Мазетто – простой, доверчивый, невежественный крестьянин. Когда он ревнует, то лезет в драку, но стоит Церлине приласкать его – он вновь покорен. В любви, конечно, он не дока, но чует нутром, что с чертовски хорошенькой невестой хлопот не оберешься.
Столетия рабского преклонения перед господами, их богатством, правами, привилегиями наложили свой отпечаток на его характер. Потому, хоть он и бесится, видя, как прославленный волокита шутя хочет заполучить его возлюбленную, сил на сколько-нибудь энергичное сопротивление у него нет. Для Мазетто Дон Жуан со шпагой, плюмажем – прямо-таки хищный сокол, готовый растерзать его нежную голубку.
В порыве гнева, жажды мести он с парой приятелей – ничуть не более хитроумных, чем он сам, – устраивает своему врагу засаду. Разумеется, затея обречена на провал: кавалер, от души позабавившись, задает ему хорошую взбучку. Просто для того, чтобы напомнить, кто здесь хозяин. Бедный честный, глупый Мазетто! Но Церлина залечит твои раны – и на теле, и на самолюбии. Соблазнитель сгинет, а вы будете жить да поживать. Все это есть в музыке.
На совсем другом иерархическом уровне стоит Дон Оттавио, жених Донны Анны. Для него уже миновали порывы пылкой юности. Напротив, любовь его спокойна, он стремится умерить ею горе и страдания возлюбленной. Он утешает Анну в ее утрате словами: «Во мне найдешь ты и отца, и мужа», и в них весь его характер. После смерти Командора он – единственный защитник Донны Анны, и роль эту он охотно принимает на себя с нежностью почти отцовской. Умудренный жизнью, хладнокровный, он готов на любые жертвы и подвиги, чтобы выполнить те обязанности, которые возложит на него судьба.

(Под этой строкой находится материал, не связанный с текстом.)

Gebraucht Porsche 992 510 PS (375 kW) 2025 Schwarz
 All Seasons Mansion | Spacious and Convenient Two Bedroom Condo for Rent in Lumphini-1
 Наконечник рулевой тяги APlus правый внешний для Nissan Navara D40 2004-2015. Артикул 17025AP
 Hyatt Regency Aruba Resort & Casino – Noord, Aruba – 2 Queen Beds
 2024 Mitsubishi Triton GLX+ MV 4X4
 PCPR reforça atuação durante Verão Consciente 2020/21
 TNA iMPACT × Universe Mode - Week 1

И облик Дона Оттавио, и манера выражаться – все должно подчеркивать его природную уверенность в себе. Он внушает доверие и уважение, всякие певческие изыски при исполнении этой партии не пристали. Благородный, гордый, великодушный от природы, он – живая антитеза Дон Жуану, и важнее всего то, что он чрезвычайно проницателен и отдает себе отчет во всем, что происходит вокруг него.
Донна Анна резко отличается от этого хладнокровного, сдержанного человека. По сути дела, она резко отличается и от всех других персонажей этой драмы. Влекомая дочерней любовью и неукротимой жаждой мести, она – трагическая героиня, скорее, в духе неоклассицизма. Гибель отца лишила ее разум покоя, мысли о мщении за него занимают Анну даже больше, чем оскорбление, нанесенное ее собственной чести. Сердце ее застыло, любовь холодна, все добрые чувства загнаны в глубины души. Только однажды, во дворце Дон Жуана, ее пылкое сердце пробуждается, и она срывает с лица маску, чтобы этот преступный негодяй узнал ее.
Ни на минуту не забывая о своем положении в обществе, она всегда сдержанна и надменна. Даже по отношению к Оттавио она удивительно скупа на изъявление каких бы то ни было чувств и вовсе не торопится стать его женой. Настолько не торопится, что, когда трагедия окончена – неумолимый рок покарал Дон Жуана, – именно она предлагает отложить на год их с Оттавио свадьбу. На что Оттавио отвечает сдержанным согласием – как это на него похоже!